Грушенька слушала молча, сложа руки накрест и все также освещенная отблеском зари, освещенная вся, с своим алым спенсером, ярко-голубым васильковым венком и густою пепельною косою, оплетенною вокруг головы.
— Нет! сказала она, когда Торба кончил: я одно все таки твержу: бросила бы я все на месте мужчин, и заботы о свете, и вес в обществе, и стала бы жить в деревне, особенно в вашей деревне, Владимир Авдеич, с лесами и озерами, в деревне, о которой так заботился при жизни ваш папенька, и о которой вы сами когда-то так много рассказывали...
— Да как же, подхватил тоном рассудительного человека Торба: да ведь последний бедняк, сосед мой, был в свете и видел свет! Ведь этак сразу и назовут меня гречкосеем!
— Не назовут гречкосеем, Владимир Авдеич, не назовут, клянусь вам! произнесла, строго и как бы взвешивая каждое слово, девушка: они вдали родины и были потому, что бедняки, и потому, что беднякам нужно служить вдали и честно снискивать себе пропитание! Вы же богаты, вы же чиновником не съумеете быть, и хочется вам видеть театры, гулянья, балы, а не служить обществу! Вот, (кстати, что мы встретились с вами), я следила, постоянно за каждым вашим шагом по выходе из школы, и помяните мои слова, — завертит вас эта жизнь, Владимир Авдеич, и сами вы потом себя не узнаете!

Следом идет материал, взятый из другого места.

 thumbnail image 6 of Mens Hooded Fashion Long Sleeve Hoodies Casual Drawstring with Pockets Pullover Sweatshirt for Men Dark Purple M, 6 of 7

Владимир Авдеич в изумлении слушал и недоумевал, как это может так рассуждать простушка-девушка, взросшая на хуторе Кухне, и еще более недоумевал, как это завертит его новая жизнь и он сам потом себя не узнает....
— Откуда вы всего этого наслышались? спросил он, не выдержав и даже несколько неделикатно.
— О! от многих наслышалась! ответила Грушенька с улыбкою и продолжала, необращая внимания на его изумление: помните ли вы наше школьное время, наших мальчиков и девочек; помните ли вы, как мы строили планы о будущем? Вы.... я вам напомню, и это меня постоянно потом интересовало — вы хотели, выйдя из училища, поселиться в деревне, оживить в своем быту старинные дедовские обычаи, воскресить в своем дому прошедшие золотые нравы старины, старинные убранства и стол, прислугу и тихую, старую жизнь, и помните ли, как вы жадно читали тогда каждую строчку, каждую заметку об этой старине?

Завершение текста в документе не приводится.